Il regista esordiente Tortorici incontrerà i fan domenica 2 marzo prima della proiezione serale

"Diciannove", la sorpresa della Mostra del Cinema di Venezia arriva a Torino

Una scena del film "Diciannove"

All’ultima Mostra di Venezia era stata la sorpresa che aveva spiazzato la critica italiana e internazionale, ora prova la difficile strada della sala cinematografica ma si propone in ogni caso di diventare un piccolo culto generazionale: “Diciannove” di Giovanni Tortorici è in programmazione al cinema Massimo (spettacoli alle 15,45, alle 18 e alle 20,30) e il suo regista sarà ospite a Torino domenica 2 marzo allo spettacolo serale. L’opera prima di Tortorici è stata prodotta dalla Frenesy Film Company di Luca Guadagnino ed è stata girata in parte anche nella nostra regione: la troupe ha girato per quattro giorni a gennaio 2024 tra l’Aeroporto Levaldigi, lo stesso cinema Massimo, Lungo dora Napoli e piazza Castello, grazie al sostegno di Film Commission Torino Piemonte.

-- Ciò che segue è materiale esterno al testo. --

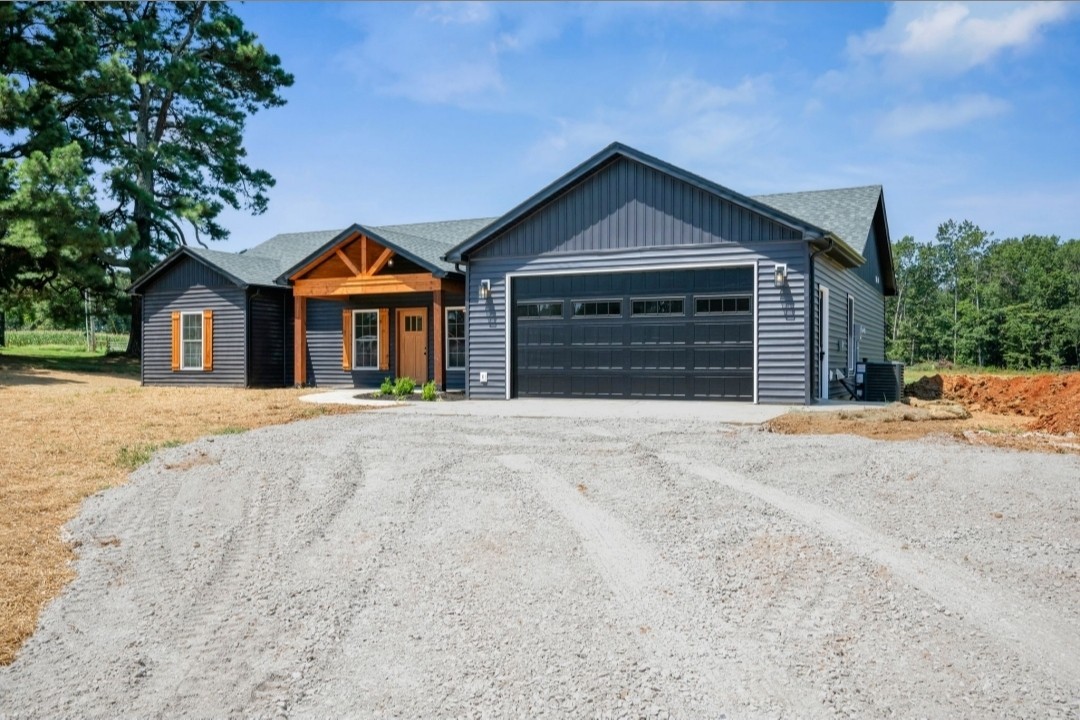 2559 Sylvia Road Dickson TN 37055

«Analizzando il periodo della mia vita in cui avevo 19 anni - spiega Tortorici - trovavo che ci fossero cose molto curiose, e ho pensato sarebbe stato fascinoso per me raccontare questa storia. Il film è un’indagine su un ragazzo diciannovenne e un’analisi del suo vivere e del suo essere studente». Nel cast l’esordiente Manfredi Marini, Vittoria Planeta, Dana Giuliano e il torinese Zackari Delmas. L’idea di partenza del film, che si presenta come un’autobiografia sincera e provocatoria, è nata proprio a Torino, mentre il futuro regista frequentava da studente (all’epoca coetaneo del suo protagonista) la Scuola Holden.

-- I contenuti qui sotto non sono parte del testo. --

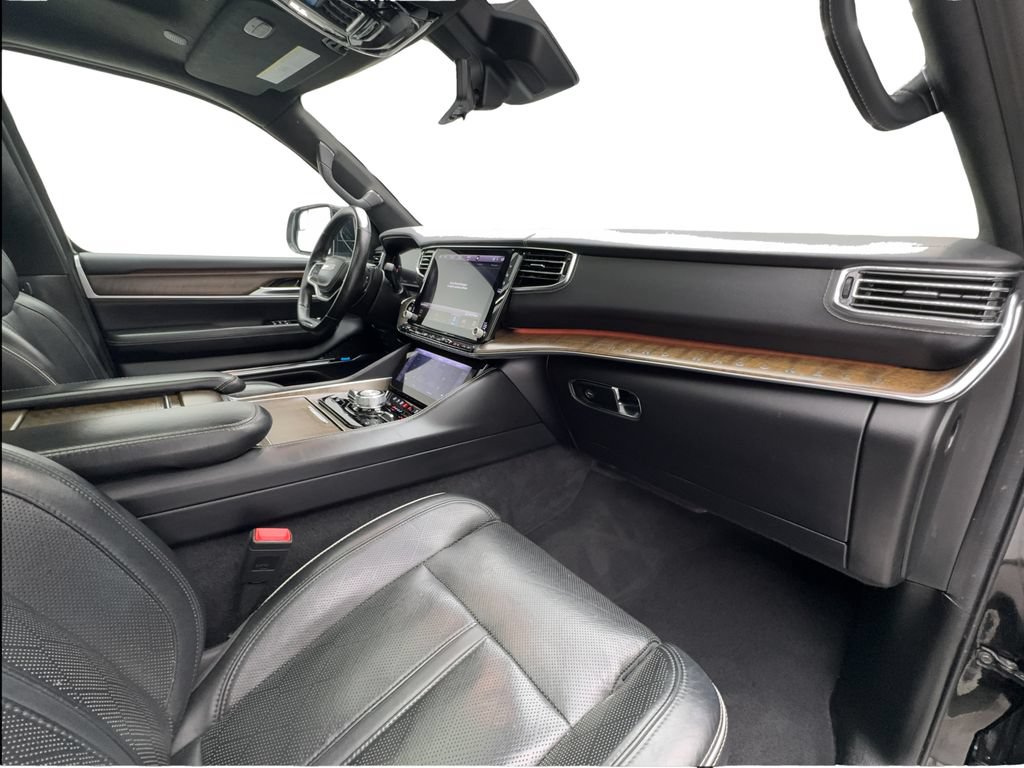 Used 2023 Jeep Grand Wagoneer Series II w/ Flexible Seating Group AWD/4WD image 33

Diciannove” racconta le ambizioni, le euforie, ma anche le frustrazioni e le paure di uno studente fuori sede che da Palermo si trasferisce a Londra, poi a Siena e infine a Torino, inseguendo il sogno di diventare uno scrittore. La sua è la ricerca di un’identità che non lo definisca in una categoria, che sia incorruttibile, e che lo porta a immergersi nei grandi classici della letteratura dell’Ottocento per sfuggire al confronto con gli altri, e a isolarsi nell’ossessione della purezza della lingua.